The children’s mother Daisy Achieng’ and her four children are said to have gone to sleep after taking their evening meal on Friday night only to find two of her children dead in the morning.
According to the police, the woman discovered that the two children were dead when she went to wake them up at around 7am.
Achieng' revealed that there is a charcoal jiko that had been lit but the fire was not put out by the time they retired to bed since it was cold at night.
It is suspected that the children might have died of carbon monoxide poisoning from the charcoal jiko.
The children’s bodies have been taken to Bondo sub-county hospital mortuary to await autopsy as investigations begin to ascertain the cause of death.
According to the World Health Organisation (WHO), concentration of carbon monoxide is high near street intersections, in congested traffic, near exhaust gases from internal combustion engines and industrial sources, and in poorly ventilated areas such as parking garages and tunnels, whereas indoors, in workplaces or in homes that have faulty or poorly vented combustion appliances.
“Firefighters, cooks and construction workers may also be exposed at work to high carbon monoxide levels,” reads excerpts of a WHO advisory on carbon monoxide.
Ear, Nose and Throat specialist Mbira Gikonyo says poisoning happens in humans when carbon monoxide is trapped in poorly ventilated and contained spaces.

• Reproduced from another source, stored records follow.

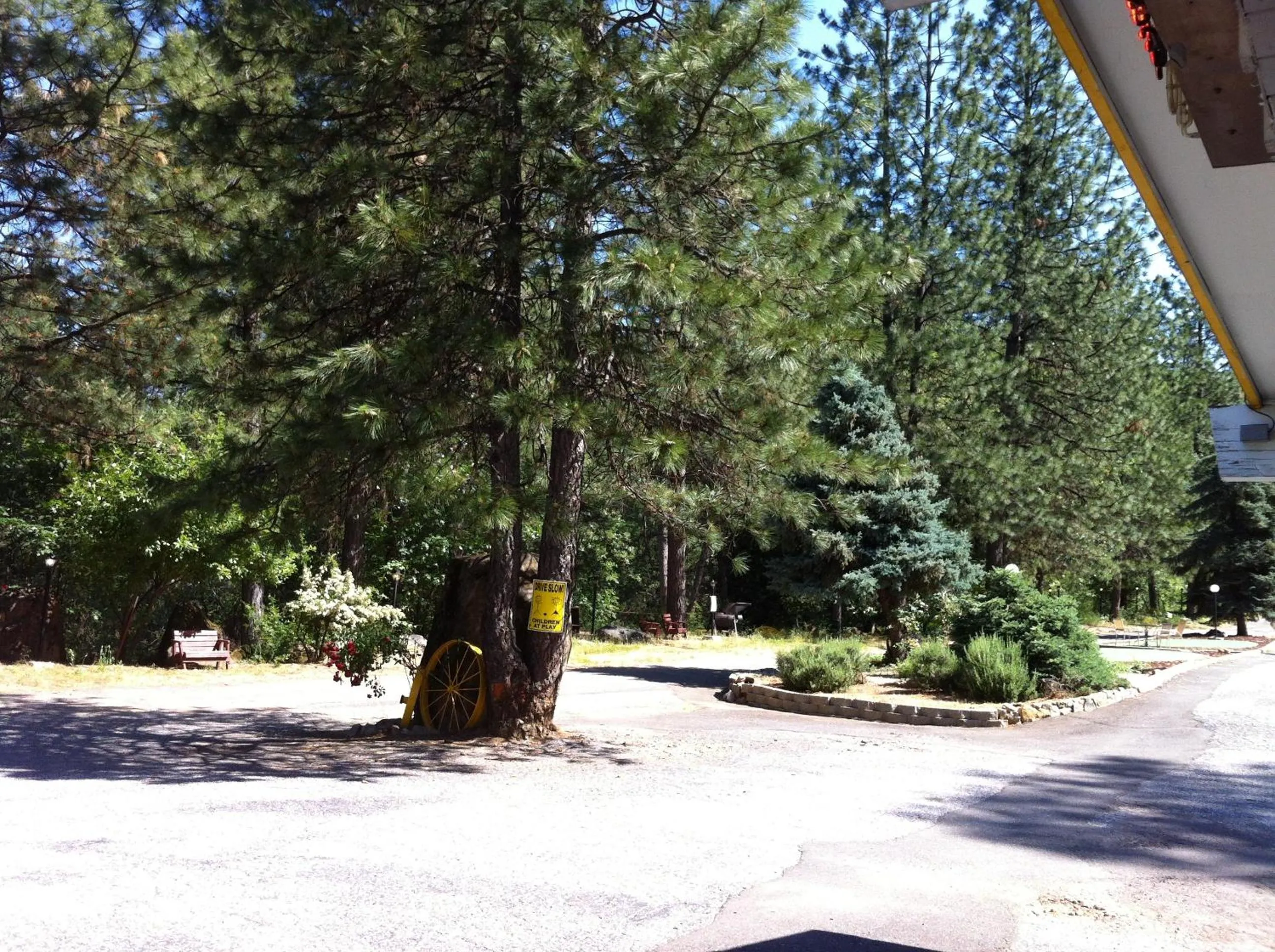 Other in Golden Chain Motel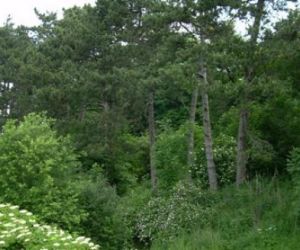 Zielony krzew z białymi kwiatami przed laskiem z drzew iglastych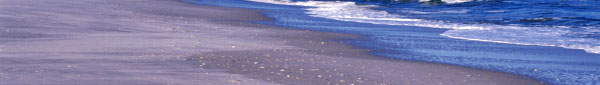 ocean-shore.jpg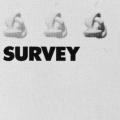 Survey, poster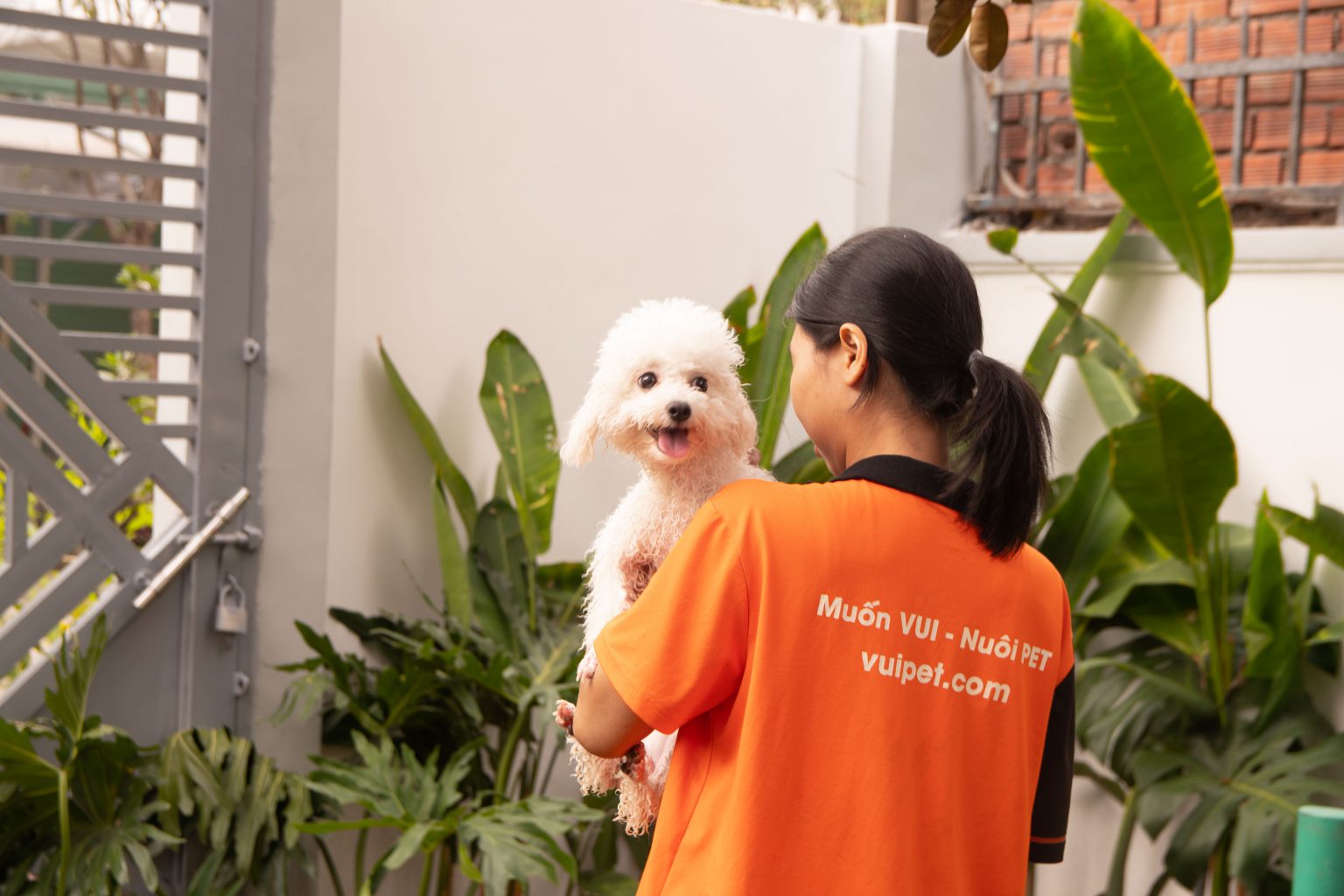 Chi tiết cách nuôi MÈO MƯỚP - MÈO TA khoẻ mạnh, đáng yêu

He says the gas is a silent killer as it cannot be seen yet it kills due to toxic effects to the circulation system after it is inhaled.
Some of the most common sources of this colourless gas include wood and gas stoves, generators and other gasoline powered equipment, car exhausts and tobacco smoke.
The most common symptoms of carbon monoxide poisoning are headache, dizziness, weakness, abdominal pain, stomach upset, vomiting, chest pain, blocked nose, running nose, red eyes and confusion.
Why do most carbon monoxide poisoning deaths occur when the individual is asleep? Dr Gikonyo attributes this to the involuntary state of the individual in slumber land thus they do not have control of themselves, hence the gas takes advantage to sail through to the circulatory system leading to a slow, painless death.